- Active: June 6, 1861–December 26, 1861
- Disbanded: Incorporated into Army of Central Kentucky December 26, 1861
- Country: Confederate States of America
- Branch: Confederate States Army
- Engagements: Battle of Kessler's Cross Lanes Battle of Carnifex Ferry Battle of Kanawha Gap

Commanders
- Notable commanders: Henry A. Wise John B. Floyd

= Army of the Kanawha =

The Army of the Kanawha was a small Confederate army early in the American Civil War.

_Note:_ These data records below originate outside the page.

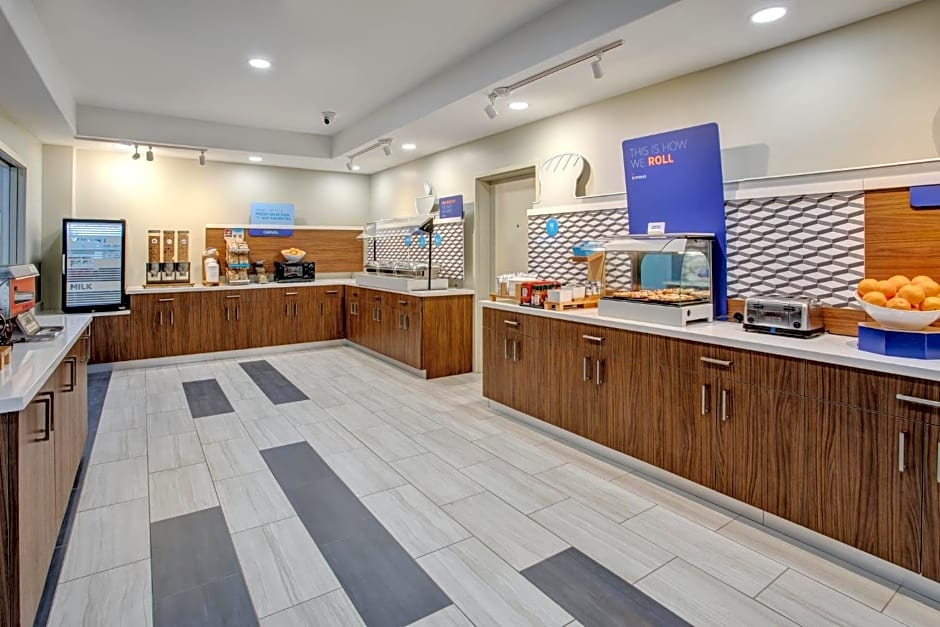 Holiday Inn Express Hotel and Suites Katy By IHG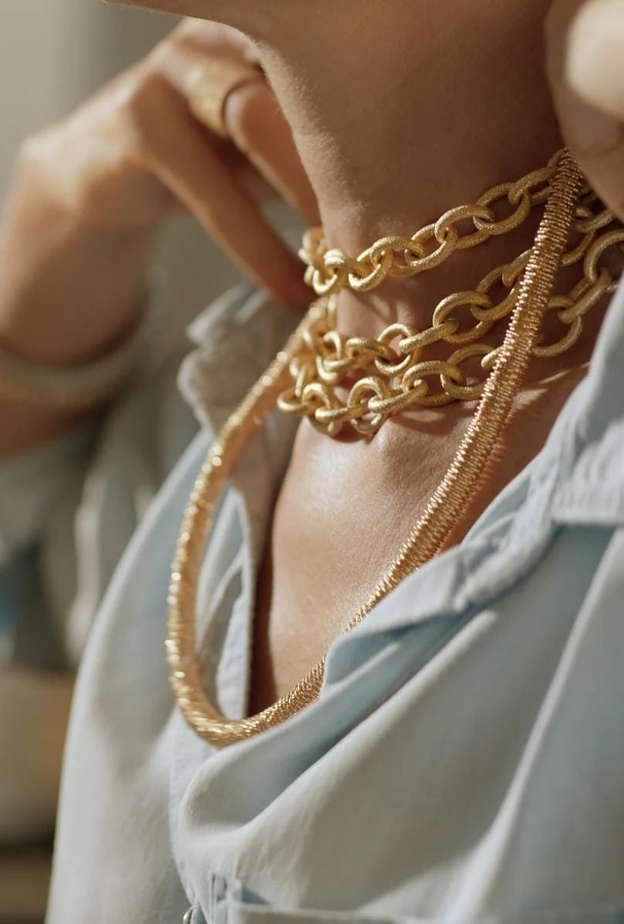 مجوهرات carolina bucci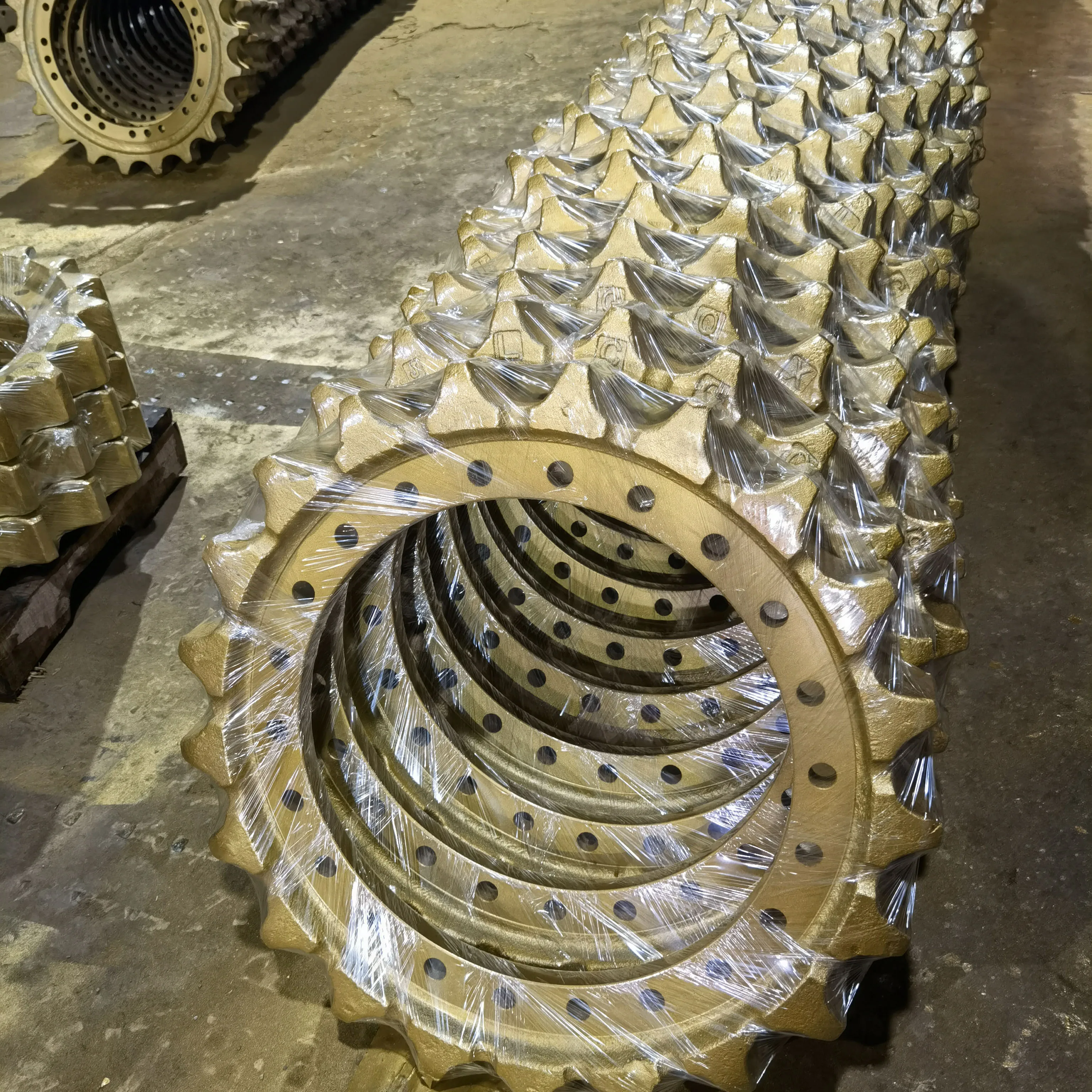 Excavator Ec360 Ec460 Sprocket 14532318 14656680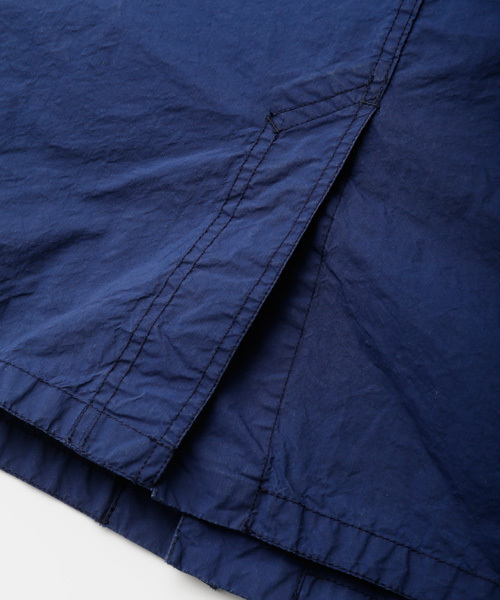 FDMTL（ファンダメンタル）の「【FDMTL】INDIGO WATER REPELLENT SOUTIEN COLLAR COAT（ステンカラーコート・メンズ・ブルー/ネイビー・SMALL/LARGE/MEDIUM/X-LARGE）」の3枚目の写真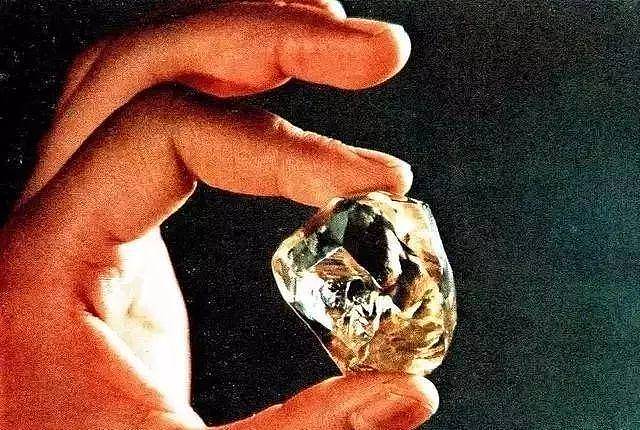 43年前，农村姑娘捡到价值10亿钻石，上交国家后她过得怎样？ - 4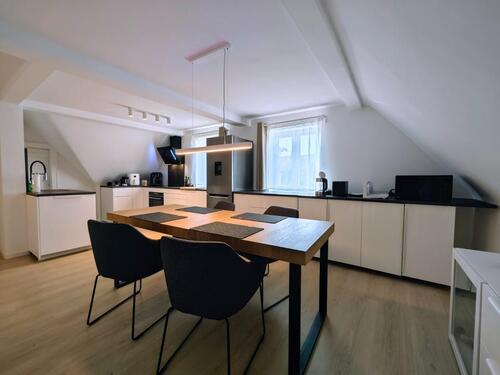 Foto - Moderne, vollmöblierte und kernsanierte DG-Wohnung mit 3 Zimmern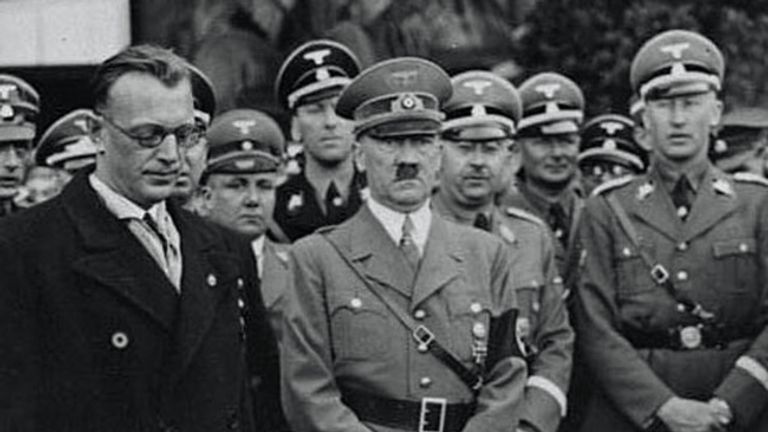 Seyss-Inquart (links) naast Hitler (foto: Deutsches Bundesarchiv)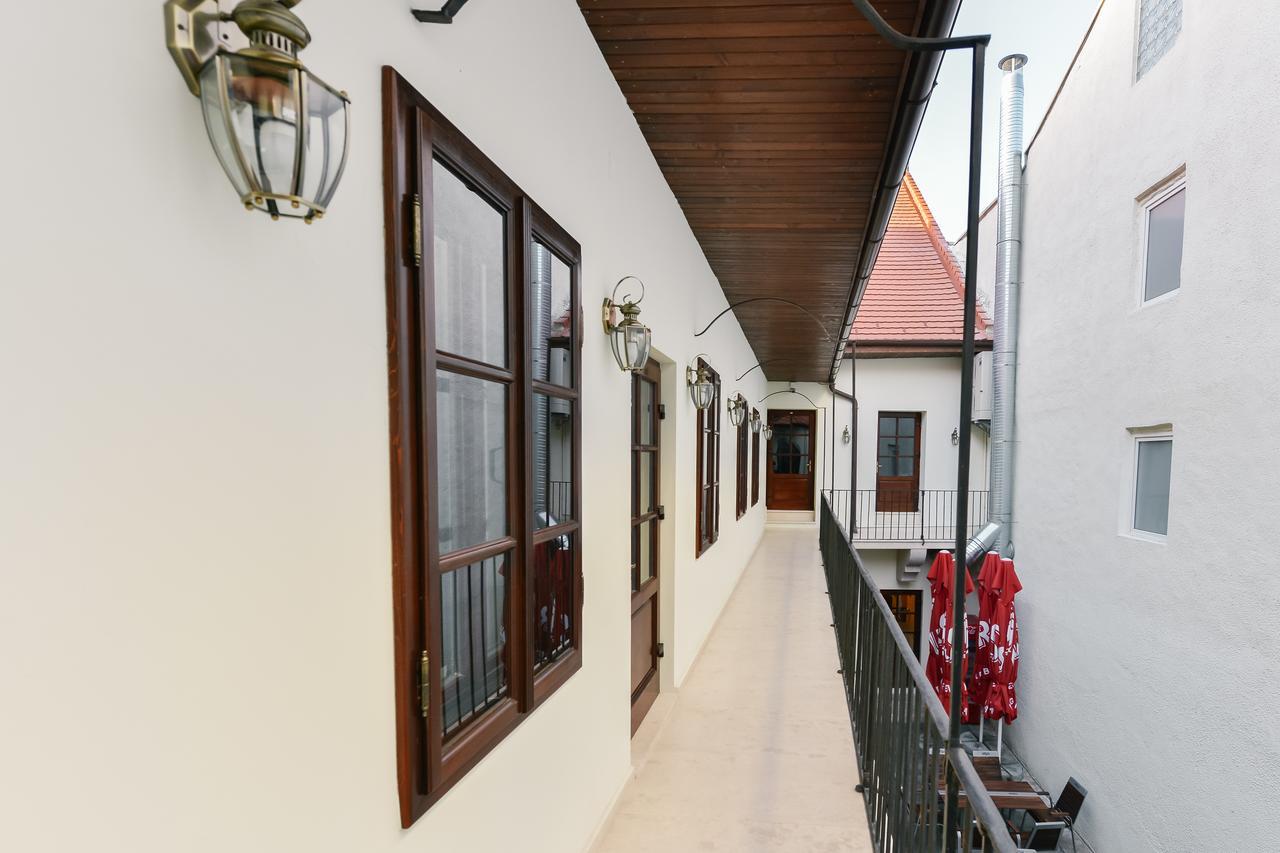 Hotel Le Petit Paris à Cluj-Napoca Extérieur photo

Confederate units in the vital Kanawha River valley of western Virginia were styled the "Army of the Kanawha" after they were put under the command of former Virginia governor Henry A. Wise on June 6, 1861. Kanawha valley native John B. Floyd, himself a former Virginia governor and former U.S. Secretary of War, assumed command on August 11 intending to improve recruitment, but personal animosity between the two politicians prevented Floyd from fully exercising control of the inexperienced force until early autumn.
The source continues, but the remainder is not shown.